Programmatisch finden sich ansonsten die bereits bekannten Linien: Musik- und politische Dokus, amerikanisches und asiatisches Independentkino, französische (Alt)meister - inklusive einer Würdigung von Jean-Luc Godard - und weibliche Filmschaffende in kleineren Fokusprogrammen (Dorit Margreiter und Deborah Stratman). Größere Specials widmen sich dem Schauspieler und Regisseur Fritz Kortner und dem verstorbenen Dokumentaristen Harun Farocki. Für den Trailer zeichnet in diesem Jahr der 105-jährige Portugiese Manoel de Oliveira verantwortlich.

Ein Zeichen für die Sparmaßnahmen des Festivals ist auch die wieder weggefallene Vorverkaufsstation vor dem Museumsquartier. Stattdessen können Tickets ab Samstag, 10 Uhr, im neuen Metro Kinokulturhaus, im Stadtkino im Künstlerhaus und im Gartenbaukino sowie von 18. bis 25. Oktober am Schottentor sowie online erworben werden. Der Preis für das Einzelticket ist mit 9 Euro gleich geblieben, die Preise für die Kataloge sind jedoch von 12 auf 15 (Festival) bzw. 15 auf 19 Euro (Retrospektive) erhöht worden.

INFOS: www.viennale.at

Am Donnerstag und damit bereits eine Woche vor Beginn der Viennale startet die traditionell begleitende Retrospektive im Österreichischen Filmmuseum - und diese könnte in diesem Jahr nicht prominenter angelegt sein. John Ford ist nicht nur der einzige Filmemacher, der vier Regie-Oscars erhielt, er steht auch wie kein anderer stellvertretend für das amerikanische Kino - mit Einflüssen bis heute.

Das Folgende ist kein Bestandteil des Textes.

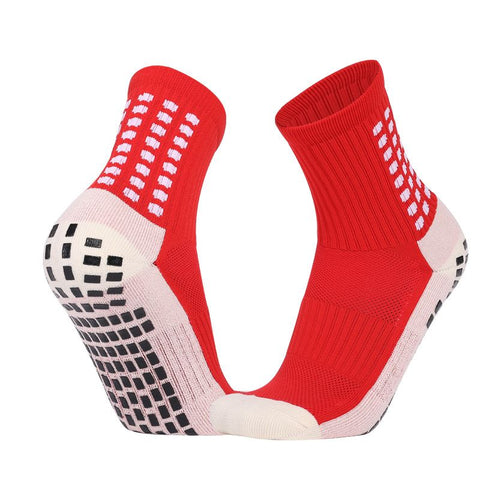 Non Slip Football Socks Grip Sports Socks Thick Towel Bottom Soccer Socks for Men Boys Adult Kids - Red S In Australia - Darrahopens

Knapp 50 Beiträge seines insgesamt etwa 140 Filme umfassenden Werks stehen bis 30. November am Programm und zeigen Fords Schaffen aus allen Phasen, von der ersten eigenen Regiearbeit "Bucking Broadway" (1917) über seine Oscar-prämierten Filme wie "The Informer" (1935) oder "Früchte des Zorns" (1940) bis hin zu einer Unzahl von Western (von "Stagecoach" bis "Rio Grande"), für die er große Berühmtheit erlangte.

Den Auftakt der Schau bildet "The Sun Shines Bright" aus dem Jahr 1953, einem späteren Werk aus der über 50-jährigen Karriere und dem erklärten Lieblingsfilm von Ford, der sich laut Filmmuseum damals bereits "im Stadium scherzender Reife und serener Heiterkeit" befand. Ford habe sich in seiner Laufbahn an dem Projekt abgearbeitet, die Vereinigten Staaten von Amerika zu erzählen, wird im Programmtext erläutert - und das in einer zutiefst persönlichen wie populären Form.

Ford, für das Filmmuseum "Romantiker und Dialektiker zugleich", schilderte die Ideale und Rituale der USA mit patriotischer Leidenschaft (trotz seiner irischen Abstammung) und kritischer Skepsis, er sah zugleich die Utopie und ihren künftigen Zerfall, er identifizierte sich stets mit den "einfachen Leuten" und fand im Western, quasi dem US-Heimatfilm, ein kompatibles Format, um seine gegensätzlichen Perspektiven auf die Entwicklung der USA zu erschließen.

Der Regisseur, der privat an einem schweren Alkoholproblem litt, war in der Arbeit ein Perfektionist, sah sich als Handwerker und nicht als Künstler, machte den B-Movie-Schauspieler John Wayne zum großen Star und prägte das US-Kino wie kein anderer. Steven Spielberg und Orson Welles waren bei weitem nicht die einzigen, die Ford als wesentlichen Einfluss nannten. Und Peter Bogdanovich widmete ihm 1971 ein ausführliches Porträt, das ebenfalls in der Retro zu sehen ist.

Seine Relevanz heute ist nicht nur aus filmhistorischer Sicht unbestritten: Ford schuf "Bilder einer Nation, in denen sich Vergangenheit, Gegenwart und Zukunft überlagern" und sei, so das Filmmuseum, in seinem ständigen Ausloten von Zivilisation und Demokratie "so zeitlos wie aktuell". Dieser so zentrale Bezugspunkt des US-Kinos lässt sich nun in Wien ausführlich entdecken - und das schon vor Viennale-Start am 23. Oktober.